11.The plaintiff further averred it desired to have the suit heard and determined and denied it was responsible for the delay in getting the suit to trial and in that regard cited the unprecedented Covid-19 Pandemic that affected court operations for the larger part of 2020 as a contributory factor for the inaction during the period it had ravaged the country. The plaintiff urged the Court in the interest of justice to disallow the defendant’s application and permit the suit to be heard substantively on merit.
12.After several failed attempts by the parties to reach an amicable settlement of the matter, the Court on March 23, 2022 directed that the defendant’s application dated February 16, 2021 be canvassed by way of written submissions. The plaintiff who had as at that time not filed a response to the application was granted leave to file a response within 15 days. The plaintiff filed its response on 6/6/2022 and the defendant filed its submissions on 13/6/2022. When the matter came up for mention, the plaintiff was granted leave to file its response submissions within 21 days. On 18/7/2022 when the matter was once again mentioned to ascertain compliance, the plaintiff had not as yet filed its submissions. The Court reserved the ruling and as at the time of preparing this ruling, the plaintiff had not filed their submissions.
13.I have set out the background to the defendant’s application as borne out by the pleadings both in support and in opposition. Quite simply the issues for determination are whether or not the suit ought to be struck out on the basis that the substratum on which it was founded has ceased to exist; and; alternatively whether the suit should be dismissed for want of prosecution. The plaintiff’s suit as pleaded in the plaint dated July 28, 2016 is predicated and founded on the lease, dated September 22, 2010 for a term of 15 years and expected to expire on March 25, 2025. The incidence of the fire in 2015, that gutted part of the leased premises prompted the actions that led to the filing of the instant suit. A fact that appears not to be in dispute however, is that before the fire incidence, the plaintiff had accrued rent arrears in the sum of Kshs 2,300,000/= in addition to some utility bills. In instituting the suit, the plaintiff wanted to have the defendant restrained from evicting, repossessing, and/or in any other manner interfering with the plaintiff’s possession and peaceful occupation of the leased premises. The issues relating to possession and payment of rent were appropriately dealt with by Munyao, J while disposing of interlocutory applications and therefore, need not concern me in the disposal of the current application save as the determination may have a bearing to the determination of the present application.

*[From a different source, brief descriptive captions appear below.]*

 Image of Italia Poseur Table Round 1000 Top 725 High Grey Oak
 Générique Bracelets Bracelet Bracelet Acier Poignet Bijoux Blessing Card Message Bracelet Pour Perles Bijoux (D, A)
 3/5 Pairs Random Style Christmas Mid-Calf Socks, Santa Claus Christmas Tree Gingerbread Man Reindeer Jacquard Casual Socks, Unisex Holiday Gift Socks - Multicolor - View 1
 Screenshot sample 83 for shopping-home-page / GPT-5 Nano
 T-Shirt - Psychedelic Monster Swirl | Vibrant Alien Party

14.The defendant’s application is inter alia brought under the provisions of order 2 rule 15 of the Civil Procedure Rules, 2010 which provides as follows:-
15.The defendant has submitted that the plaintiff by transferring the majority of its shares to a new shareholder, Africa Classic Limited ceded control of the company and that was in clear breach of Clause 1(bb) of the lease between the plaintiff and the defendant. The remedy for the breach was that the defendant was entitled to re-enter the property and to take possession. The defendant duly exercised the right of re-entry and is now lawfully in possession. The defendant further submitted that the plaintiff having breached Clause 1(bb) of the lease as the Court rightly held vide its ruling on March 12, 2019 and the defendant having regained possession of the suit property, the plaintiff’s suit lacks any substratum as the same was founded on the lease which was determined as a consequence of the plaintiff’s actions.

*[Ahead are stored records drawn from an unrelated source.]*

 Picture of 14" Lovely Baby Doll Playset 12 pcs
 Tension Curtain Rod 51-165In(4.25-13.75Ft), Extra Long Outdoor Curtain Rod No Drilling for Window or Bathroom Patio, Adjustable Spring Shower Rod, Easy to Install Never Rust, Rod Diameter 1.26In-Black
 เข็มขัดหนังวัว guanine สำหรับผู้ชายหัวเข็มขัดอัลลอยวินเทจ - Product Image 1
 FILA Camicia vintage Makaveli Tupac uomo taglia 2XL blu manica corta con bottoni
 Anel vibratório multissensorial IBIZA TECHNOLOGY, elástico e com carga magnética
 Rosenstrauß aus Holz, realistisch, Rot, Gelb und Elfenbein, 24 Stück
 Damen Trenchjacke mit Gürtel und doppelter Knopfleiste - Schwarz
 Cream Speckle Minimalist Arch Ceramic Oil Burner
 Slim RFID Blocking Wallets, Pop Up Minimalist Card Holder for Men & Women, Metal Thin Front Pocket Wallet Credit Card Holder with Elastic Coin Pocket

16.The plaintiff through its replying affidavit has argued that there was no proof of the shares having been transferred as claimed by the defendant and that would require proof at the trial. The Court has perused the record of proceedings and its evident that Munyao, J on February 7, 2018 issued an order directing the Registrar of Companies to issue the current directors of Klaus Hotel Ltd; The Registrar of Companies vide a letter dated February 13, 2018 to the Deputy Registrar, affirmed that as per the annexed return dated 20/6/2016, the directors were as follows:-1.Klaus Schroder …………………... 200 shares2.Margaret Stopt Schroder …………200 shares3.Africa Classic Limited……………..600 shares.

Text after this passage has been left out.